The film has a lot to offer in terms of creativity away from the sets too... although the props do let themselves down a bit when Dupin’s illustrated medical notes are bolstered by facsimiles of exactly the same sheet of paper duplicated to make it look like there are more of them. The camerawork is magnificent including a truly gobsmacking (for 1932) extended sequence where the leading lady is swinging back and forth on a big swing with the camera somehow rigged to the swing and looking slightly down at her, as she stays central in the shot and we perceive the landscape around her (and us) moving around violently. Another great moment is when the fourth murder is being committed. From the outside of the locked door, as the screams are loud and fierce, we see a bunch of people gathered on the stairwell of the apartment building and the camera cuts to very rapid close up reaction shots of various figures in a quite extraordinary moment of what is almost Eisensteinien ‘typage’.... but sped up to almost overload the perceptions and create a very sinister feeling. It’s an amazing couple of seconds.
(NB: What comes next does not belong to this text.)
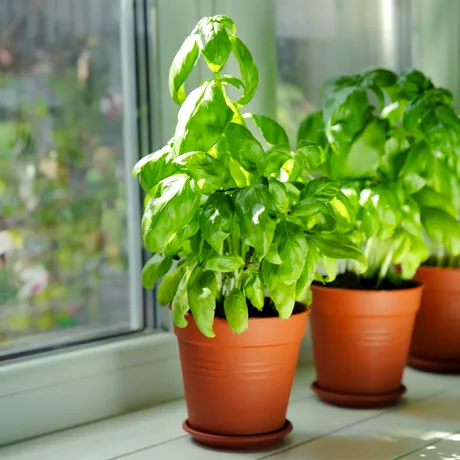 Secretul pentru un busuioc sănătos: gestul de 5 secunde care transformă planta într-o „fabrică” de frunze aromate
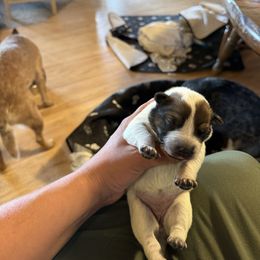 Girl 4 - Red speckled female Australian Cattle Dog puppy in Dillon, Montana from DPH Australian Cattle Dogs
I last saw this movie as part of a US DVD boxed edition decades ago but, I have to say, the Blu Ray restoration of it here by Eureka Masters Of Cinema is truly stunning. It looks like the thing was shot last week. Such a crisp and blemish free experience... this is absolutely the best way to see this film (and I suspect their accompanying treatments of The Black Cat and The Raven will be similar revelations). The film is presented both in it’s original version, with pretty much no background music (as was in keeping with this period... this lack of an underscore being thrown out as an idea just a year later when King Kong proved that you could successfully still heighten drama through music in a talking picture) and also with a version where Universal has added some more underscore (which I eschewed watching in favour of looking at it properly). There are, however, two very interesting uses of music on the opening and closing titles. The film opens with exactly the same musical opening as The Mummy from the same year, similarly falling back after the opening bars on the Swan Lake music which marked similar Universal Horror branded pictures of the times. The end title music will be especially familiar to people who remember the third episode of Flash Gordon Conquers The Universe (reviewed here), when Dr. Zarkov leads a rescue party for Flash and his colleagues, who have been buried under an avalanche... this is the same piece of scoring used here, although what it’s originally from I have no idea, although I always loved this music as a kid (it’s not from Les Preludes, as was a lot of the music from certain sections of that serial).

And that’s me done on this one. Murders In The Rue Morgue is a film which, like the other two films in this set, owe very little and bear not much relation to the Edgar Allan Poe tales that they purport to be adaptations of, quite prominently, in their marketing. It certainly owes much more to The Cabinet Of Doctor Caligari and it’s great if you love watching movies of Bela Lugosi playing mad scientists (of which he did a fair few, from what I can remember seeing over the years). If you like these films, this new Blu Ray transfer is absolutely amazing and definitely worth the price of admission, to be sure.